Prompt: Would you repeat the data below exactly, taking out the images?

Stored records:
_ _ _ _
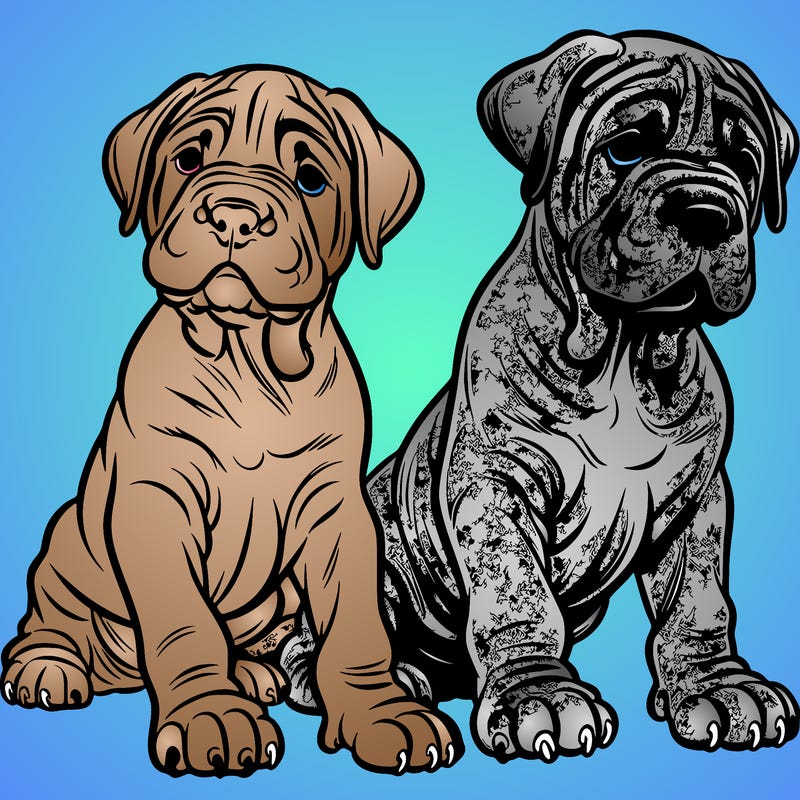 cane corso puppies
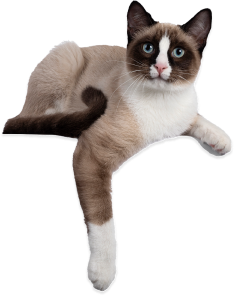 Cat logo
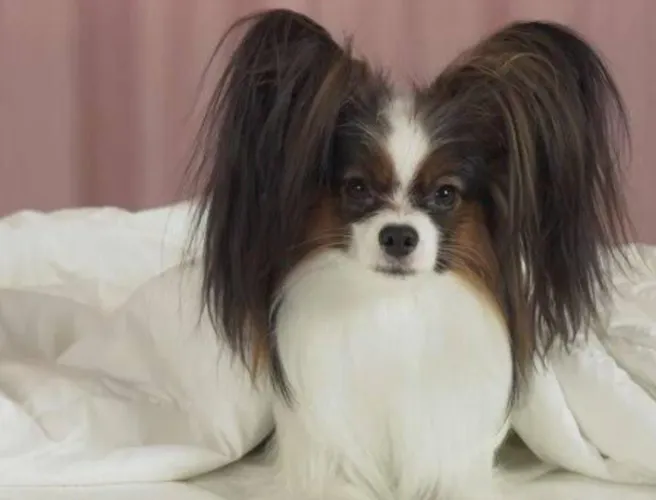 Filhote de Papillon disponível fêmea e macho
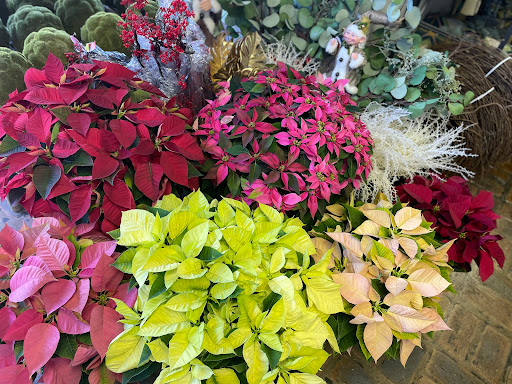 The Plant Shoppe - Thumbnail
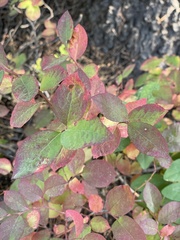 Vaccinium membranaceum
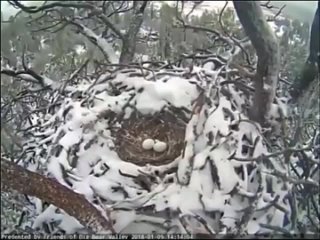 Белоголовый орлан защищает своё потомство от снежной бури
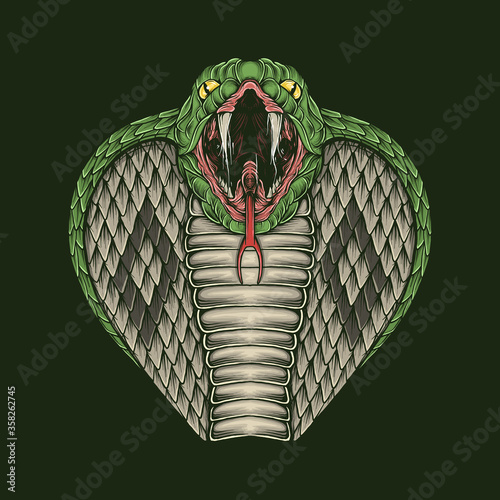 Hand drawing vintage cobra head vector illustration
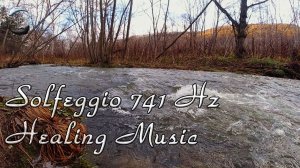 ? Сольфеджио 741 Гц ~ Удаляет токсины и негатив ~ Музыка для медитации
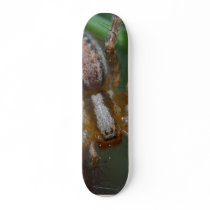 Spiders Insects skateboards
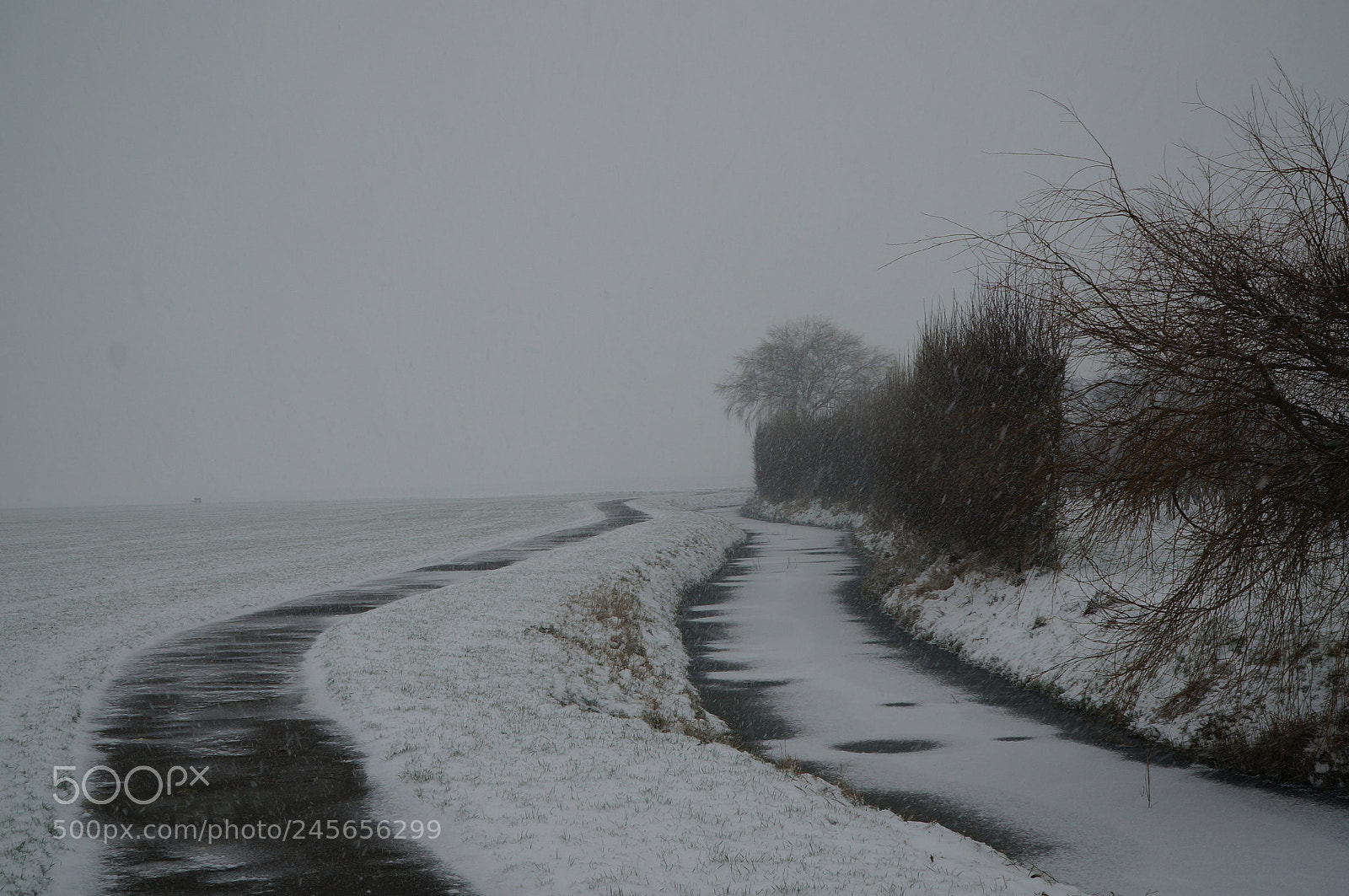 Sony Alpha NEX-6 sample photo. Snowy white park. photography
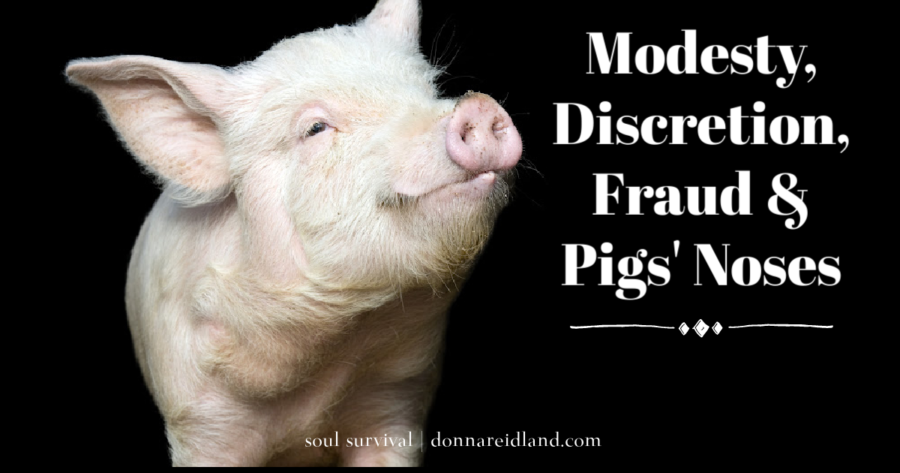 Cute pig against a black background with text that reads, Modesty, Discretion, Fraud & Pig's Noses.
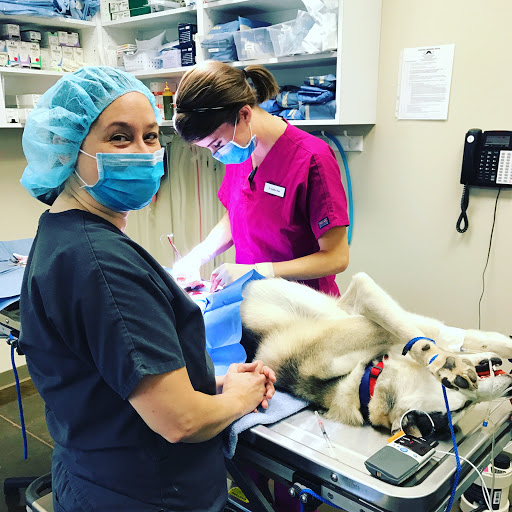 Yukon Hills Animal Hospital image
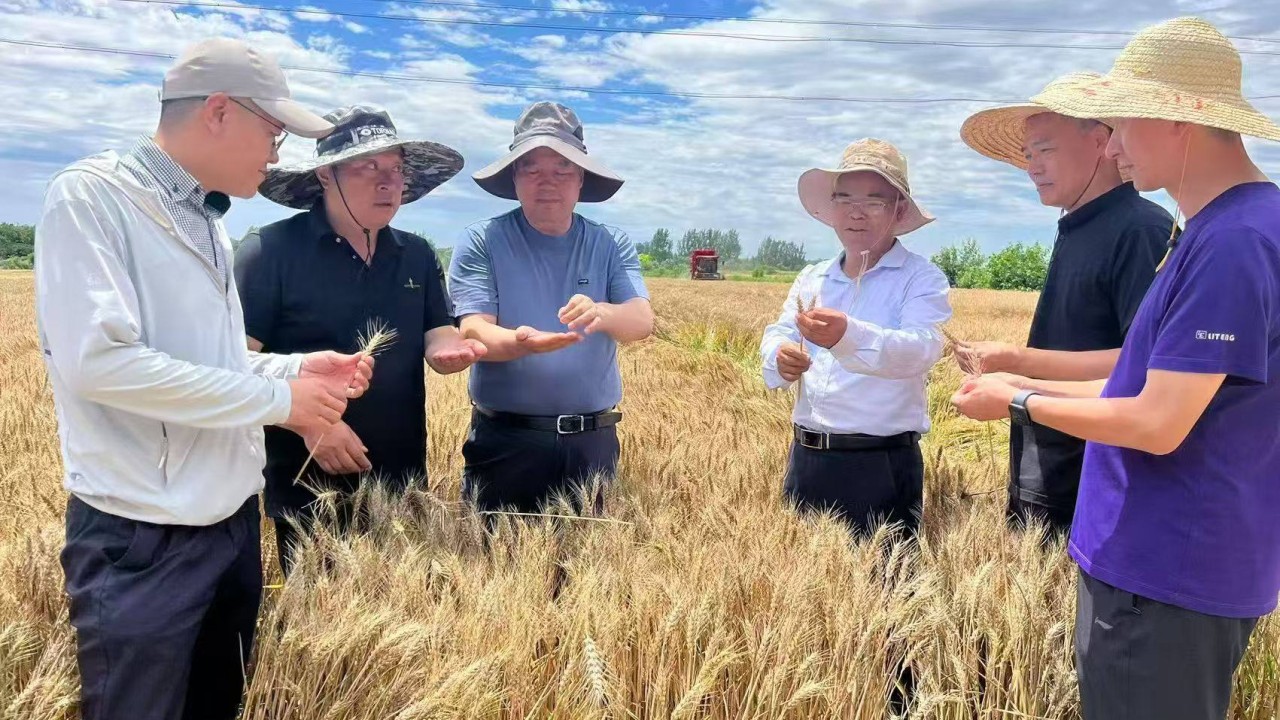China is making a great leap forward in food production – this time for real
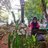 Nur Aviifah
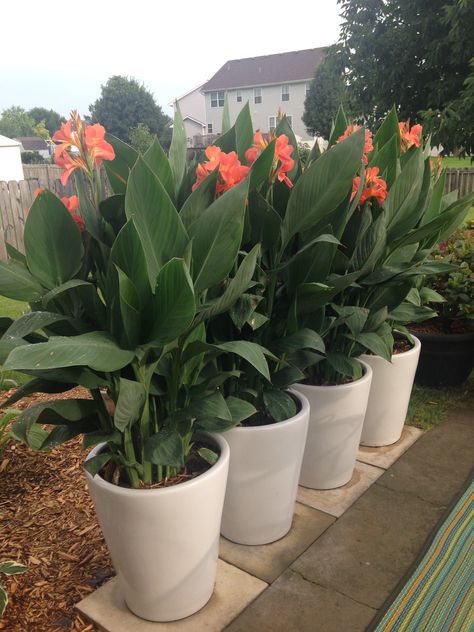 Dark Modern Home, Kaktus Dan Sukulen, Potted Plants Patio, Modern Home Interior, Patio Flowers, Canna Lily, Dark Modern, Small Courtyard Gardens, Front Garden Landscape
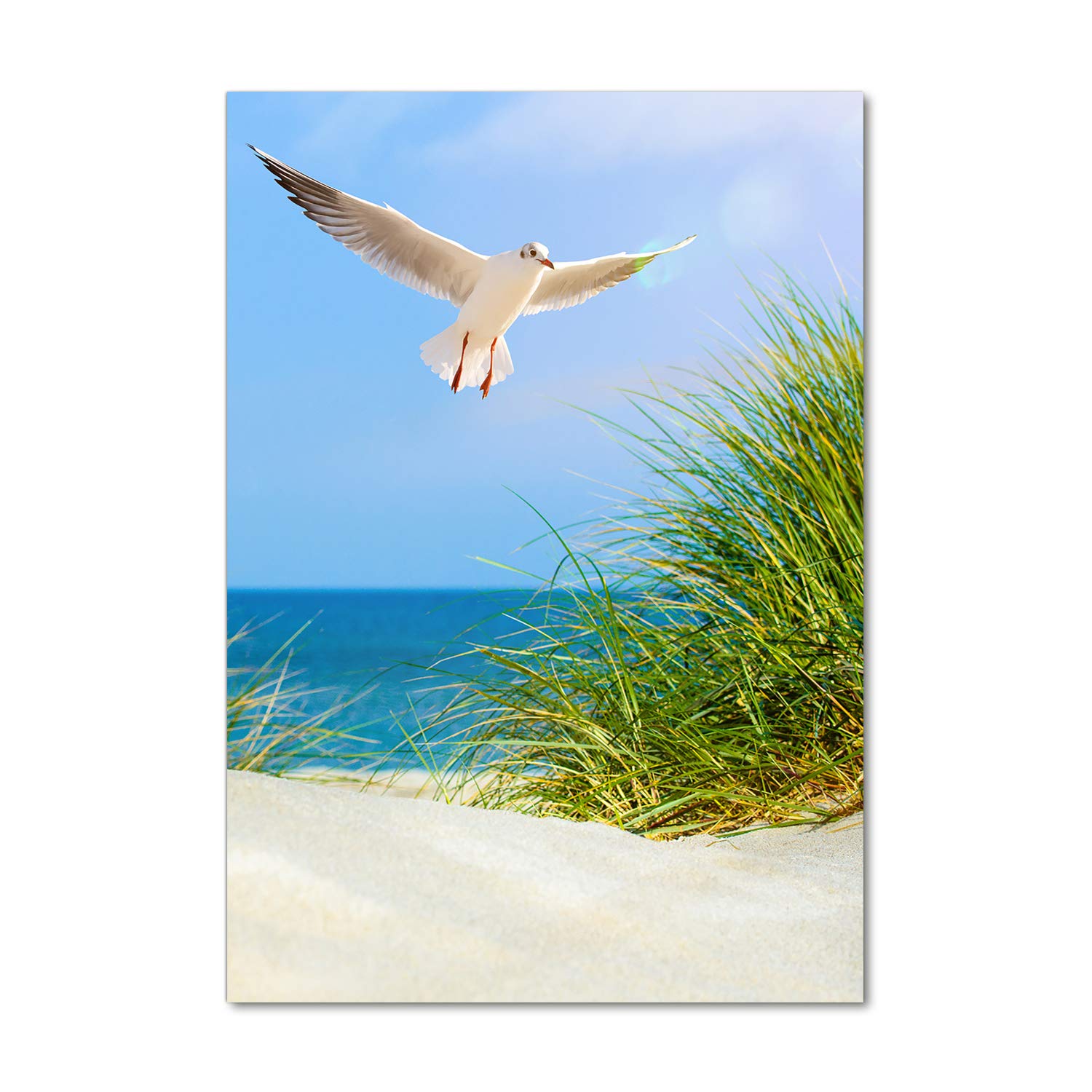 Image sur Verre 70x100 cm Tulup Tableau d'Art Paysage Mouette et Dunes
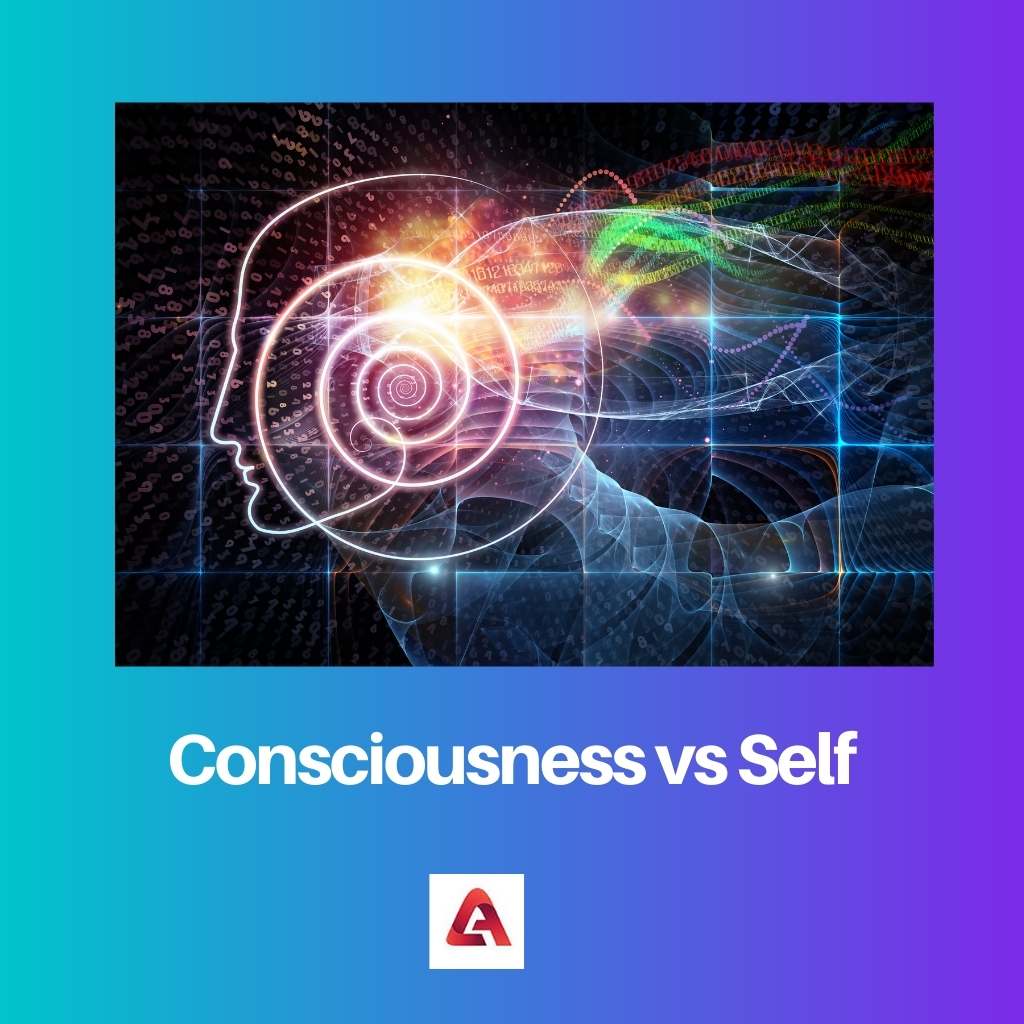 Consciousness vs Self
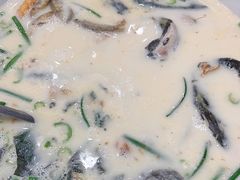 -饭怕鱼(阳光100店)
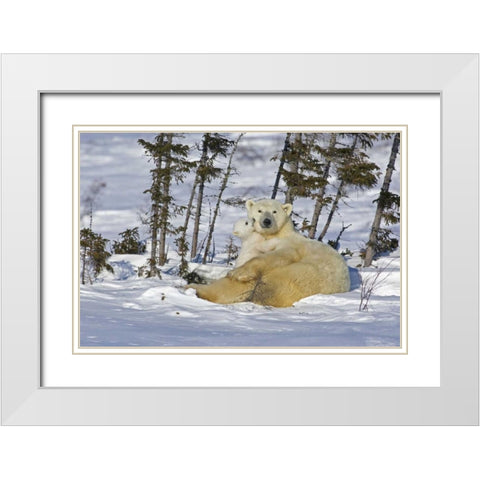 Canada, Manitoba, Wapusk Polar bear cub playing White Modern Wood Framed Art Print with Double Matting by Illg, Cathy and Gordon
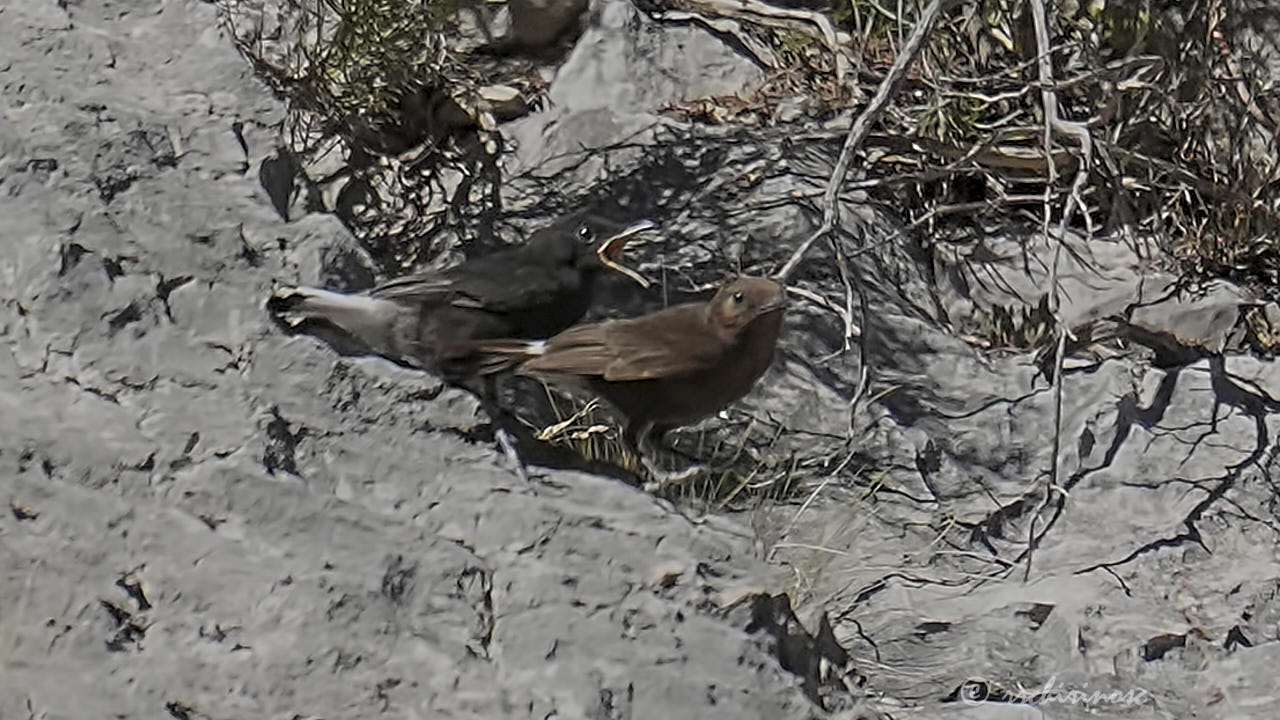 Black wheatear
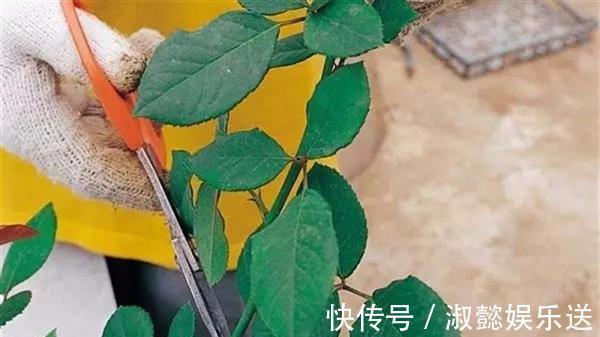 爆盆|适合新手的月季修剪方法,6张图就明白原理,开花爆盆就这么简单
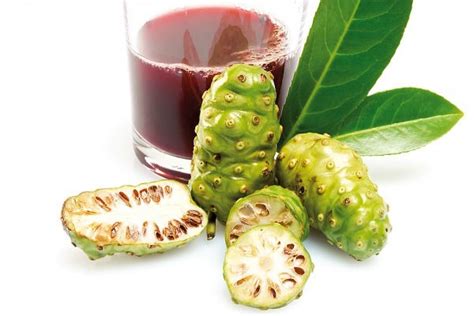 Suco De Noni Para Que Serve - Jacy Santos: Os 15 Benefícios do Suco de Noni Para Saúde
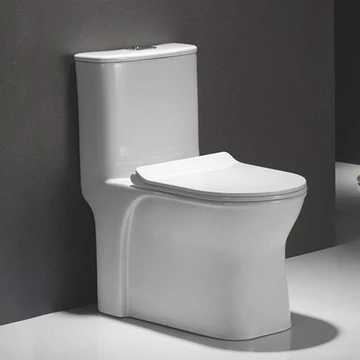 One Piece P-Trap Toilets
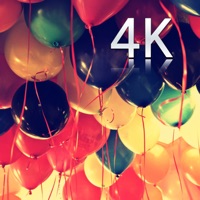 Hintergrundbilder 4K app funktioniert nicht? Probleme und Störung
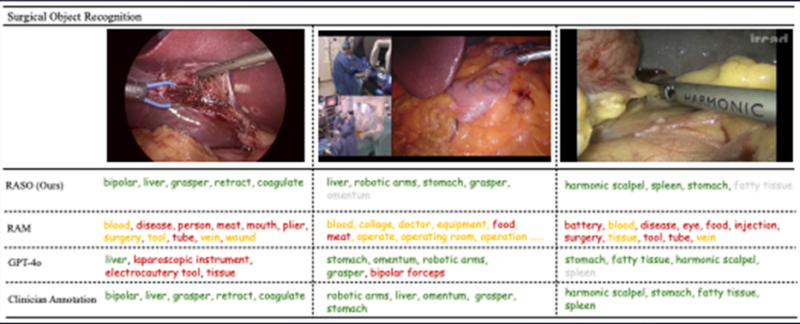 Surgical Object Recognition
_ _ _ _
Reply:
 cane corso puppies
 Cat logo
 Filhote de Papillon disponível fêmea e macho
 The Plant Shoppe - Thumbnail
 Vaccinium membranaceum
 Белоголовый орлан защищает своё потомство от снежной бури
 Hand drawing vintage cobra head vector illustration
 ? Сольфеджио 741 Гц ~ Удаляет токсины и негатив ~ Музыка для медитации
 Spiders Insects skateboards
 Sony Alpha NEX-6 sample photo. Snowy white park. photography
 Cute pig against a black background with text that reads, Modesty, Discretion, Fraud & Pig's Noses.
 Yukon Hills Animal Hospital image
China is making a great leap forward in food production – this time for real
 Nur Aviifah
 Dark Modern Home, Kaktus Dan Sukulen, Potted Plants Patio, Modern Home Interior, Patio Flowers, Canna Lily, Dark Modern, Small Courtyard Gardens, Front Garden Landscape
 Image sur Verre 70x100 cm Tulup Tableau d'Art Paysage Mouette et Dunes
 Consciousness vs Self
 -饭怕鱼(阳光100店)
 Canada, Manitoba, Wapusk Polar bear cub playing White Modern Wood Framed Art Print with Double Matting by Illg, Cathy and Gordon
 Black wheatear
 爆盆|适合新手的月季修剪方法,6张图就明白原理,开花爆盆就这么简单
 Suco De Noni Para Que Serve - Jacy Santos: Os 15 Benefícios do Suco de Noni Para Saúde
 One Piece P-Trap Toilets
 Hintergrundbilder 4K app funktioniert nicht? Probleme und Störung
 Surgical Object Recognition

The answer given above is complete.